で、今回ピックアップするのは旧返詩板よりNEOさん作『叶えない祈り』。 今回の更新までの2週間ちょいほど返詩板の投稿を停止していたせいか、最近はちょっとご無沙汰しているのですけれど、年始辺りからこまめに投稿していただいてました。
さてさて。 この作品でさっそく目を惹くのはタイトル。読み流すような感じではするっと見逃してしまいがちですけれど、“叶わない”んじゃなくて“叶えない”んです。最終連を受けてのタイトルだと思われるのですが、ここだけを捉える限りでは「到底 叶わない」んじゃないの?と突っ込みたくなるんですけれど、私はこれを両方受けていると読みました。 要は表意としての「叶わない祈り」であり、真意としての「叶えるわけにはいかない祈り」だ。と。筆者の本意は定かではありませんが、少なくともどっちかだけという簡単な想いではないなぁと。深いです。

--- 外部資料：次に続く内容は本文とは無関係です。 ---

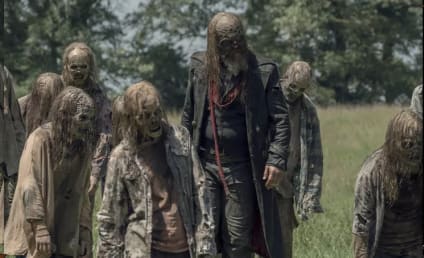 The Walking Dead Season 10 Episode 2 Review: We Are the End of the World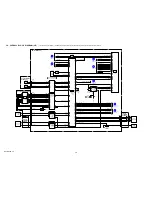 Предварительный просмотр 40 страницы Sony a350 Service Manual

では本編。 NEOさんの場面描写ってどの詩をとっても繊細で綺麗なんですよ。だからといって耽美に比喩で全編が彩られているというわけでもなく、端的に言い表すなら、そのまま置くところと飾る部分のバランスと織り合わせが絶妙というか。 その触媒としてこの詩では雪の描写がうまく使われています。
冬の中間点に位置するクリスマス。その主人公とも言えるサンタクロースを夢見た主人公の想い。けれど終わりを迎えて、冬の終わりに重ね合わせて主人公は表意として
> 雪と一緒に消えてほしいの
と、更に真意として
> 誰か 早く見つけ出して
と願う。冬が終わりあっけなく溶けていく雪の様子とうまく恋愛の終わる儚さ、その奥で願う想いの切なさが綺麗にリンクしている一篇です。
> それはあまりに矛盾なので > 到底 叶えない祈り
端直に飾られることなく綴られた最終連。主人公がどういう想いの最中にいるのかが窺えるようです。